§ **INSTRUCTIONS FOR THE TASK**: Would you please return the lines of the material that contain the word "size"?
*** RECORDS FOR THIS TASK ***
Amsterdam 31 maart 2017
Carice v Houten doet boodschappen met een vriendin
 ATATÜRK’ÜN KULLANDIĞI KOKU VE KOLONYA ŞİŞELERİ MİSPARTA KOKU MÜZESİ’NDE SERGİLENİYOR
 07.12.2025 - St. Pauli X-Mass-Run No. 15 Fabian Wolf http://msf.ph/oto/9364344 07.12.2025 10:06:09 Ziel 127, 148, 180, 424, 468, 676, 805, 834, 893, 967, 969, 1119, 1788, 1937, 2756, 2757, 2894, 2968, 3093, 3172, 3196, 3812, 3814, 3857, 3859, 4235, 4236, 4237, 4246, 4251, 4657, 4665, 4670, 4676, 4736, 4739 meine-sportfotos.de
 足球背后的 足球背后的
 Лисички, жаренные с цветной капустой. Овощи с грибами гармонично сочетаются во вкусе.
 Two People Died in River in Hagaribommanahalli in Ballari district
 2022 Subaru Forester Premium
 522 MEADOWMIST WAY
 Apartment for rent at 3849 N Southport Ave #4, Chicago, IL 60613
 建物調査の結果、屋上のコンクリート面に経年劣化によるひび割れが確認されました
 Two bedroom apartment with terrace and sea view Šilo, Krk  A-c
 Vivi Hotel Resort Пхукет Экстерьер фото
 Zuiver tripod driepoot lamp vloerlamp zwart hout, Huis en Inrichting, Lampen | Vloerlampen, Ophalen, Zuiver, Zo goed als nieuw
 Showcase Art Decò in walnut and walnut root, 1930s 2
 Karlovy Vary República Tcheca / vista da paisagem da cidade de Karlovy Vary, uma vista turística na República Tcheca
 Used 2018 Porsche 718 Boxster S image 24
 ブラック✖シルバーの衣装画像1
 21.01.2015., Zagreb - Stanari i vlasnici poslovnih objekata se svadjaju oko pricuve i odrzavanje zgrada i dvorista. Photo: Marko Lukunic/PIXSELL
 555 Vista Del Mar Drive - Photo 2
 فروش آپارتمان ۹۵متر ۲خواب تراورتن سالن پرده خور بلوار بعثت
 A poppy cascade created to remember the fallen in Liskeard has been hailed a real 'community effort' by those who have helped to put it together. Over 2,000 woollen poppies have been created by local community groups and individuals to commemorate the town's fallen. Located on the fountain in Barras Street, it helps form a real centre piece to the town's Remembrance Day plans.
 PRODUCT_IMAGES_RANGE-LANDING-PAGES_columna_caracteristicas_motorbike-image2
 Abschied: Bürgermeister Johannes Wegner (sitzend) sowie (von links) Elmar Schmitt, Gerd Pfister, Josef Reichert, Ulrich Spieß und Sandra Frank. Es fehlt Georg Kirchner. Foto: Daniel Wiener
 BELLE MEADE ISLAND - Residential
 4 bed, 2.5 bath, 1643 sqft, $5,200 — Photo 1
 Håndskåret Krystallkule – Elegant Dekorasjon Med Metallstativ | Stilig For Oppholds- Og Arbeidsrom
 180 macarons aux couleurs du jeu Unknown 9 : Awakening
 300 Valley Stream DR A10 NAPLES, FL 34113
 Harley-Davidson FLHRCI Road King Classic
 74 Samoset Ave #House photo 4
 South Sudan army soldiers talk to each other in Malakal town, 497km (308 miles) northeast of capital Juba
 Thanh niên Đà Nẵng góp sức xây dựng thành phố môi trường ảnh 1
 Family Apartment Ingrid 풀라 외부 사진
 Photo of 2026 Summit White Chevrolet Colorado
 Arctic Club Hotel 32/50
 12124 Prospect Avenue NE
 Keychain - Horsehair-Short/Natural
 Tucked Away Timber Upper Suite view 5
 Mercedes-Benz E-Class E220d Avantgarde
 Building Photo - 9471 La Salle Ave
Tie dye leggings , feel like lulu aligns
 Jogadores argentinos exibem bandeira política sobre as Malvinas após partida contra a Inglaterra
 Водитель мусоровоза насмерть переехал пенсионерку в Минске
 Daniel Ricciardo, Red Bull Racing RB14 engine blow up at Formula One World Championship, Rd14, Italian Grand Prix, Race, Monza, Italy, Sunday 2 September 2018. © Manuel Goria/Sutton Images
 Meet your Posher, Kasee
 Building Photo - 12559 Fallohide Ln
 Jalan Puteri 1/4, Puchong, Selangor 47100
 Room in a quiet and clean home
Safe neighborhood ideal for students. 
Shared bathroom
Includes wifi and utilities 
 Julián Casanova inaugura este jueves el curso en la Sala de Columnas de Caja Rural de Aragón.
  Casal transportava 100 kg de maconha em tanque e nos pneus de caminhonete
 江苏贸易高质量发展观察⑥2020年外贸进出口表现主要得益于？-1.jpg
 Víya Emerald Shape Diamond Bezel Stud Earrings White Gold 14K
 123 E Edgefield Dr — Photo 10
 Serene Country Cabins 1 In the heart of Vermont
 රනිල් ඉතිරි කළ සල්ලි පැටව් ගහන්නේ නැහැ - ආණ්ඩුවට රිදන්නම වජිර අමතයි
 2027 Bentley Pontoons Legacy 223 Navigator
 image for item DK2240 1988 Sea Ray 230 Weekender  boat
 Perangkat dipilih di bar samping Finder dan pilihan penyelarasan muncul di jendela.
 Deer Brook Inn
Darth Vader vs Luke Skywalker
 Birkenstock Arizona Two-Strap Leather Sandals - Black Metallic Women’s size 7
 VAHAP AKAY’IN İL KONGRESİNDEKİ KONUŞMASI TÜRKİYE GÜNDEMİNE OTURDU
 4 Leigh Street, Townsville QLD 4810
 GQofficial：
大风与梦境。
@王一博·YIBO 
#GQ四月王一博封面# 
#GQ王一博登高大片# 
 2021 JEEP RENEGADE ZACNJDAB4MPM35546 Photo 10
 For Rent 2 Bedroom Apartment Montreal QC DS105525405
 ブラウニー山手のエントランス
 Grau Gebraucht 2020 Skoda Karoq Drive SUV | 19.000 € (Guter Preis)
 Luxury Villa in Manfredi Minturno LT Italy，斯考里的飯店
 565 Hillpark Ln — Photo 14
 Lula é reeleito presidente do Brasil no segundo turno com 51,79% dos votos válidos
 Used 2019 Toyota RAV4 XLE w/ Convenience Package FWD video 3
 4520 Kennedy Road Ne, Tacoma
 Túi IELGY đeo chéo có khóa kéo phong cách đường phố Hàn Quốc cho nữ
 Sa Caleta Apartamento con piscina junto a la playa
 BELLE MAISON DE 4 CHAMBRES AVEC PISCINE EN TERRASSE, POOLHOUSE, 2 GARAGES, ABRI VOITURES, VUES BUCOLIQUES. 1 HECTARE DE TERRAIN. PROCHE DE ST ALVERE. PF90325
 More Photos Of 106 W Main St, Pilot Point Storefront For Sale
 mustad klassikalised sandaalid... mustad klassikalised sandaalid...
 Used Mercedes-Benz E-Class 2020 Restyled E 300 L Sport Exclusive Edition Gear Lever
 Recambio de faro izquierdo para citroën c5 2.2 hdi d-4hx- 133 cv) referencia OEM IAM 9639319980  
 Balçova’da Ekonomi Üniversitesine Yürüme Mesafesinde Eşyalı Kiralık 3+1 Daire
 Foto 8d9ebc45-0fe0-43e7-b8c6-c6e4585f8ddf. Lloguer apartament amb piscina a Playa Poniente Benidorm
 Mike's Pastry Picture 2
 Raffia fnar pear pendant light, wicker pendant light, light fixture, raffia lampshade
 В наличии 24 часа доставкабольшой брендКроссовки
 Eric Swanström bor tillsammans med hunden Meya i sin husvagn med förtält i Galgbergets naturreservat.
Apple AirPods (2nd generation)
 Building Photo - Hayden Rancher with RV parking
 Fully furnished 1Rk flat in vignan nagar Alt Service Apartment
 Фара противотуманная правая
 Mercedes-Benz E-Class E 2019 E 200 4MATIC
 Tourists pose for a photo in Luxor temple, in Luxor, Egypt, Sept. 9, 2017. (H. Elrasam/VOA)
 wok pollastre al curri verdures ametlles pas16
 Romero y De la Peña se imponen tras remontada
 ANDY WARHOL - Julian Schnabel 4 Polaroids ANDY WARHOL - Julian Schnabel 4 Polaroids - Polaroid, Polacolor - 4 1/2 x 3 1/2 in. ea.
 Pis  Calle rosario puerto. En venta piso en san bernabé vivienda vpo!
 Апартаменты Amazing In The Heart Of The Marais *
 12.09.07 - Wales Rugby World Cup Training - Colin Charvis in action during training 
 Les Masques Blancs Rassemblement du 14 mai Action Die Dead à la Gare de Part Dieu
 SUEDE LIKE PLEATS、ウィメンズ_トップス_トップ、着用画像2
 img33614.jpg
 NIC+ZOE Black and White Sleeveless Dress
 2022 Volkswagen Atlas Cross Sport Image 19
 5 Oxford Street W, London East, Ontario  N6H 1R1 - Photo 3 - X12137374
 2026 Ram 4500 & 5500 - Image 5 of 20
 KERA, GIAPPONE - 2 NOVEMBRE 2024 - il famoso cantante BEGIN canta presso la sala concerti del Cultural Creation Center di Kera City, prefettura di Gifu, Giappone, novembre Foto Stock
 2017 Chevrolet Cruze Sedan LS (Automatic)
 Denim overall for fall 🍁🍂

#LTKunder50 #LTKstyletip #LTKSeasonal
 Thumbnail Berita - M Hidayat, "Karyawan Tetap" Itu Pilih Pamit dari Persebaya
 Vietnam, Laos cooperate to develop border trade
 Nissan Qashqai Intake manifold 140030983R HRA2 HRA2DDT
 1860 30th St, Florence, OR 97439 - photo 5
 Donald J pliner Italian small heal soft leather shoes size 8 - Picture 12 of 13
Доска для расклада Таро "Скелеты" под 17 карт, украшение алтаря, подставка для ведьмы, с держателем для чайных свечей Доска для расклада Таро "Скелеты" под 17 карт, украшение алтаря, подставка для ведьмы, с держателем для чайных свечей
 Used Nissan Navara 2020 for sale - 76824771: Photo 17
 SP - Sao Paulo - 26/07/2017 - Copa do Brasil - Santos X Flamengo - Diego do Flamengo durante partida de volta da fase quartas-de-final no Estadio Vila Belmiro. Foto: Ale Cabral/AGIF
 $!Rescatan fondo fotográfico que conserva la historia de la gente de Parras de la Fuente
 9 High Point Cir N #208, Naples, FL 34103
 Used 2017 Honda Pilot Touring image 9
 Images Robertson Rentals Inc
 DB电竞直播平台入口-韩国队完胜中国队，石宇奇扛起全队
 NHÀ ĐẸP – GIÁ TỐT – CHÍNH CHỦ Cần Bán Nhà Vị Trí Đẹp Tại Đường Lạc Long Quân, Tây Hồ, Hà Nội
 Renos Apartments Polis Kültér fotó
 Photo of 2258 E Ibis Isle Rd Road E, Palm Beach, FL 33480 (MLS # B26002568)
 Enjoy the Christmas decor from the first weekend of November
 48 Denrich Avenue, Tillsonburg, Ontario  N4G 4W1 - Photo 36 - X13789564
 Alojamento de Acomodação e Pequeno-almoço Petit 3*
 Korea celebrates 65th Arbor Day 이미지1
*** End of RECORDS FOR THIS TASK ***
§ **PROBLEM SOLUTION**:
 Birkenstock Arizona Two-Strap Leather Sandals - Black Metallic Women’s size 7
 Donald J pliner Italian small heal soft leather shoes size 8 - Picture 12 of 13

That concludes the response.